Friday, April 29, 2016
Heritage House Hits Hundred% HUD Housing Highpoint
The
H-bomb gets dropped in the Truman Neighborhood targeting Heritage House
Apartments and the fall out will be around for decades. In accordance to the new owner/developer’s recent
application for financial support through programs with the Missouri Housing
Development Commission (MHDC), they are converting all 166 units to Section 8
HUD-subsidized, low-income housing. This
was posted on MHDC’s website 6 months ago so it is actually old news. Keep in mind, the apartment building had
already been 20 percent Section 8 housing for many decades under the ownership
of the Community of Christ Church. The 20-80
sustainable balance of mixed-income senior residents instituted their success
in creating community within the building that once even had a waiting list to
get in. This balance, sense of community,
and the actual demonstration that the site was viable for market rental rates were
the very selling points representing the value of the property to this
out-of-town investor hand-picked by the Church.
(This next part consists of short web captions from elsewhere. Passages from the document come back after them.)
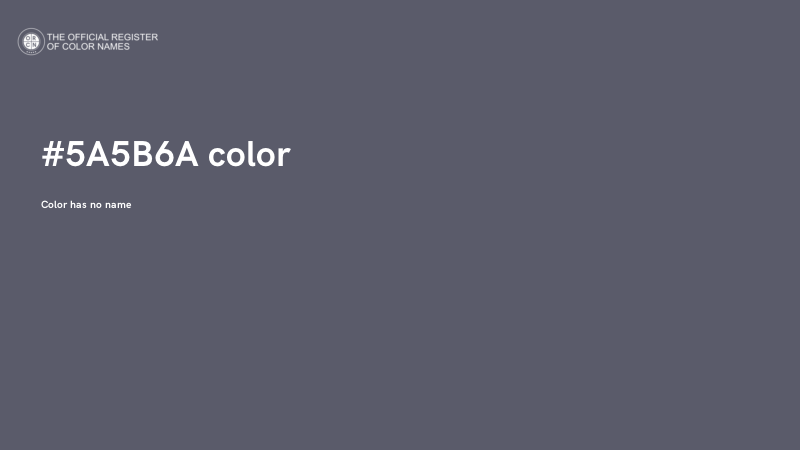 #5A5B6A color image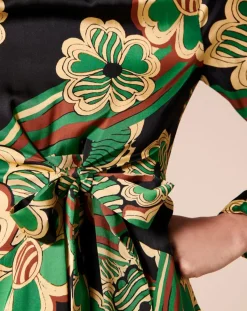 Robe Ronnie vert motif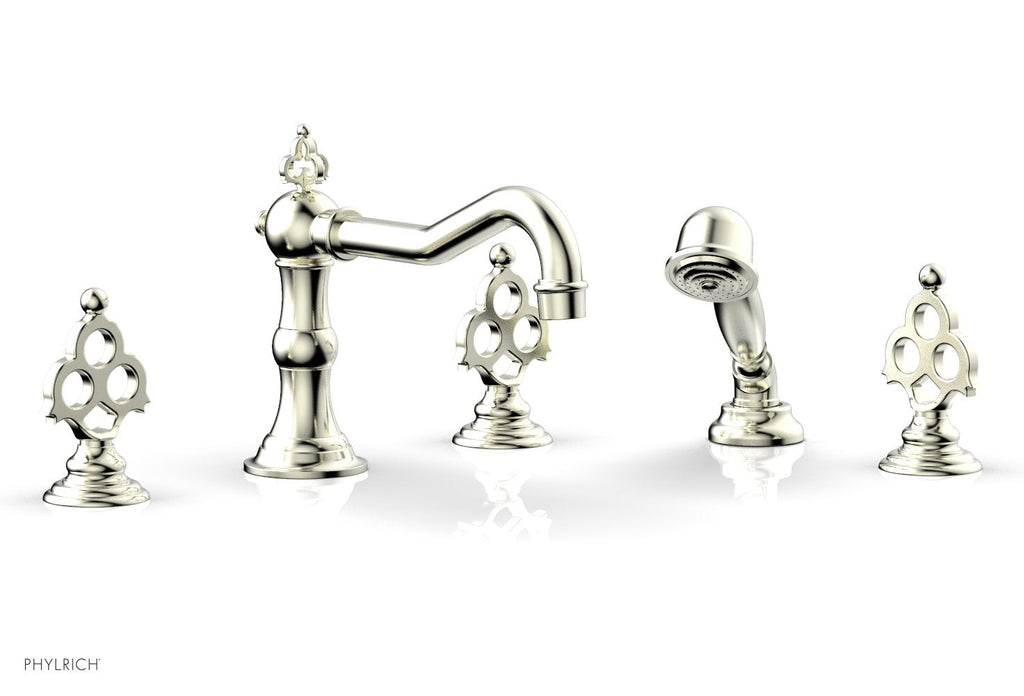 7-7/8" - Polished Brass - MAISON Deck Tub Set with Hand Shower  by Phylrich - New York Hardware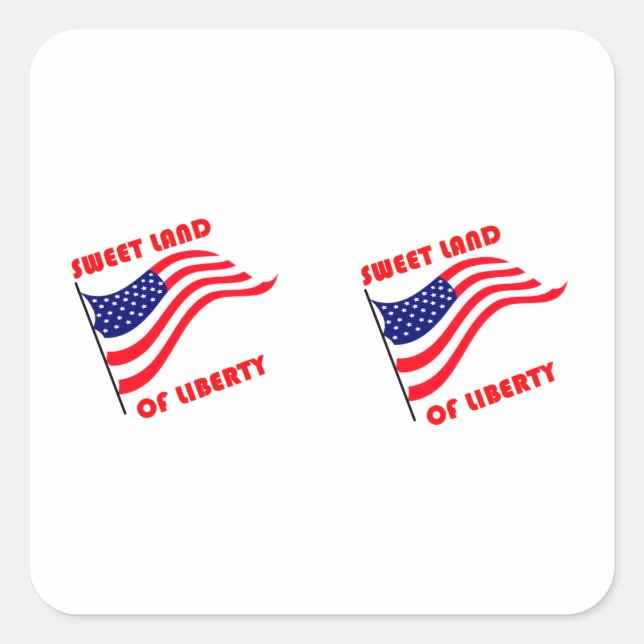 Adesivo Quadrado Terra doce de liberdade (Frente)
The new owner/developer even made promises to the Church, the Mayor, the
City Council, the Planning Commission, the Heritage Commission, neighbors, and,
for that matter, to the entire community in public meetings and under an oath
of honesty that they would maintain and operate the facility just like the
Church had done. They even promised to
use the same local personnel for on-site management. Statements were made in public meetings that
they were NOT going to ask for additional HUD support. These commitments and promises were the very foundation
of the support they received from the community. Now all of that has changed. The moving vans have been very busy moving residents
out of the building and out the neighborhood where they were supporting the
local economy. And so this decision was made
1,500 miles away to add 133 low-income Section 8 housing rental units into a
historic neighborhood that has been under an award-winning comprehensive M/TRC
Revitalization Plan established in the very beginning to reduce government-assisted
rental properties in order to improve home values and the marketability of the
entire neighborhood, as stated by one of the most prominent city planners in
the Midwest region, Ralph Ochsner. This transformation is being implemented
with no public hearings, open discussion, and/or the participation of community
stakeholders. Even City Council members who
voted in favor of this new ownership and redevelopment plan at least four times
have called this transformation “unfortunate” and “uncomfortable” to discuss
and have attempted to maintain what appears to be a level of secrecy over the
situation. To make matters worse, the
only grocery store within walking distance of the apartment building is also going
through its own transformation from providing food and fresh produce to selling
alcohol and tobacco products. It seems
almost appropriate that a project that began almost 45 years ago by the forced eviction
of residents through eminent domain from their well-maintained historic properties
and giving them to the RLDS Church would end up with yet another chapter of
deception in the history of this real estate.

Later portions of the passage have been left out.